Мы, дети Питера, советские школьники, в те годы были предоставлены сами себе. Сами ходили в школу, сами возвращались домой, делали уроки, посещали секции, бегали по дворам, гуляли где нам вздумается. Так жизнь была устроена. Спокойно было, время было не столь криминальное, как потом, в девяностые. Такие слова как «маньяк» и «похищение детей» были чем-то из ряда вон выходящим, чем-то капиталистическим, западным, а в нашей школе, в нашем дворе, такого отродясь не бывало. Хотя конечно бродили в детском народе страшилки про чёрную машину в чёрном городе, на которой было написано «Смерть пионерам». Они передавались из уст в уста, только в темноте, шёпотом, при свете свечей, чтобы было страшно, хотя все и понимали, что это просто выдумки. Страна Советов поголовно работала с утра до вечера, детей родители видели только после прихода с заводов, но несмотря на это они были совершенно спокойны, ведь весь Союз – одна большая семья. В то время в большинстве квартир не было даже телефонов, это считалось непозволительной роскошью. На крайний случай, далеко за детским садиком, стояла телефонная будка, с неработающим квадратным железным телефоном-автоматом. Внутри неё на металлической пластине был нарисован страшный дядька с оторванной трубкой в руке и написаны слова, навсегда врезавшиеся мне в память:
«Стой! Трубку не смей срывать!
Представь, у тебя заболела мать!»
Трубки тем не менее всё равно не было, как в общем-то и «двушки», чтобы оплатить разговор. Мы, советские дети, всегда выпрашивали монетки у прохожих сов.граждан:
- Дяденька, дай две копейки! Маме надо срочно позвонить!

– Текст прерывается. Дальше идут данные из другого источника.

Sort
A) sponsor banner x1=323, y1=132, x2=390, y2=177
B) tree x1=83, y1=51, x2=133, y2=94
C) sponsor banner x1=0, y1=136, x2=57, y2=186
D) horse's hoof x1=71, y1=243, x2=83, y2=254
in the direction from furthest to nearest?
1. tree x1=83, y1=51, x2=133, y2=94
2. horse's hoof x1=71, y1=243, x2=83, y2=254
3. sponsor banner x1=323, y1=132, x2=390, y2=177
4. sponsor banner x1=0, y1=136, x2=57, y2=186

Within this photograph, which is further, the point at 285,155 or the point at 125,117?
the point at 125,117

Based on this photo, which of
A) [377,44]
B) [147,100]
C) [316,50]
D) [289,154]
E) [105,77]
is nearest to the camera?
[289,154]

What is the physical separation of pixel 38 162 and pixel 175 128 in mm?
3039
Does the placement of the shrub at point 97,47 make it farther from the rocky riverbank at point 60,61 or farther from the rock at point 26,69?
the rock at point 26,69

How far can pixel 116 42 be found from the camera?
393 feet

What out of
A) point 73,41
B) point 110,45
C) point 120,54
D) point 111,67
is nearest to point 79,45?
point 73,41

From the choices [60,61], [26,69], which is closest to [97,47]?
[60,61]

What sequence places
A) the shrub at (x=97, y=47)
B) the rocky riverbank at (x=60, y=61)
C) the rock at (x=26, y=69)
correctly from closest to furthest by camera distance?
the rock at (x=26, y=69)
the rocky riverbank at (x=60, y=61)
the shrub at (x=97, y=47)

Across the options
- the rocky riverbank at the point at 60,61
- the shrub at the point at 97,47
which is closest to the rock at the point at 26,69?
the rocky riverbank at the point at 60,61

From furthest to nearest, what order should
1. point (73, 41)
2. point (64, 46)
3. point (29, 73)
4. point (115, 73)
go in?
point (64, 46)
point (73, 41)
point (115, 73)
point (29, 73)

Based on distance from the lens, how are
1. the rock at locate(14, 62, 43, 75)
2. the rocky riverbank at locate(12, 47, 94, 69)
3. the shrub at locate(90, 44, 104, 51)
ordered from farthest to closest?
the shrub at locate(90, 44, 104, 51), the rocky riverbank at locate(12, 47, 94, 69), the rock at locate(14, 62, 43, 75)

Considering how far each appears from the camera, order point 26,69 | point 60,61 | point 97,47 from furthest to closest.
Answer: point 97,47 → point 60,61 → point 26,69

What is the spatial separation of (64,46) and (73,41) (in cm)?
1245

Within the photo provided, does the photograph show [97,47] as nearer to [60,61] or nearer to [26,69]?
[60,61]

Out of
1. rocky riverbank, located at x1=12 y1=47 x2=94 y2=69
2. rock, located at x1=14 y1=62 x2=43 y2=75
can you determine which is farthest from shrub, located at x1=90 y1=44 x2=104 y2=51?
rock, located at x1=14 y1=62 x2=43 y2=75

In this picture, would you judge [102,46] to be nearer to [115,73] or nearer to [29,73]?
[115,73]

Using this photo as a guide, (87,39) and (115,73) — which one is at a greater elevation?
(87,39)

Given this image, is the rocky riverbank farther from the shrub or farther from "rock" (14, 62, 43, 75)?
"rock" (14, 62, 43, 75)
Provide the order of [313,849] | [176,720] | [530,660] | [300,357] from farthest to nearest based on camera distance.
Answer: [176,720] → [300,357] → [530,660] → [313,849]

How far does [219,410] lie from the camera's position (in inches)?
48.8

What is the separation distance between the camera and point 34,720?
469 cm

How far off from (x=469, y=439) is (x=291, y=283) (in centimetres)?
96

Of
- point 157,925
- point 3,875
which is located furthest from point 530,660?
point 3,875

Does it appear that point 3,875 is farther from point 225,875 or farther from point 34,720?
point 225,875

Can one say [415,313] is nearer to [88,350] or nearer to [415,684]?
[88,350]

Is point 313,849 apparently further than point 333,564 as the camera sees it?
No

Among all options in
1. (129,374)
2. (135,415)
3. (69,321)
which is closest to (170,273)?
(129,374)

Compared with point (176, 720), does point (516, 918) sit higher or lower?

После пяти таких дяденек аккумулировалась сумма в размере десяти копеек, а это уже, извините, капитал. На него можно было купить на железнодорожном вокзале молочное мороженное в бумажном стаканчике с деревянной палочкой. Кроме как на вокзале, во всём городе мороженного было не найти, дефицит. Поэтому ехали мы со школьной братвой на вокзал на трамвае, в котором делали вид, что бросаем деньги в кассу, а сами денежку зажимали в кулачок и отрывали бесплатные билетики. Так же мы очень любили передавать деньги на проезд от других пассажиров, пряча драгоценные три копейки в руке, отрывая тётеньке билетик, а денежку оставляя себе. В наивном и добром Советском Союзе времён застоя всё было построено на доверии. Лишь один единственный раз нас, пацанят, раскусил с билетной аферой, да оттаскал за уши какой-то военный дядька. Всё хотел в милицию сдать и родителям сообщить, да пожалел, уж больно жалостливо мы все плакали и просили:
- Дяденька, отпусти! Мы больше так не будем!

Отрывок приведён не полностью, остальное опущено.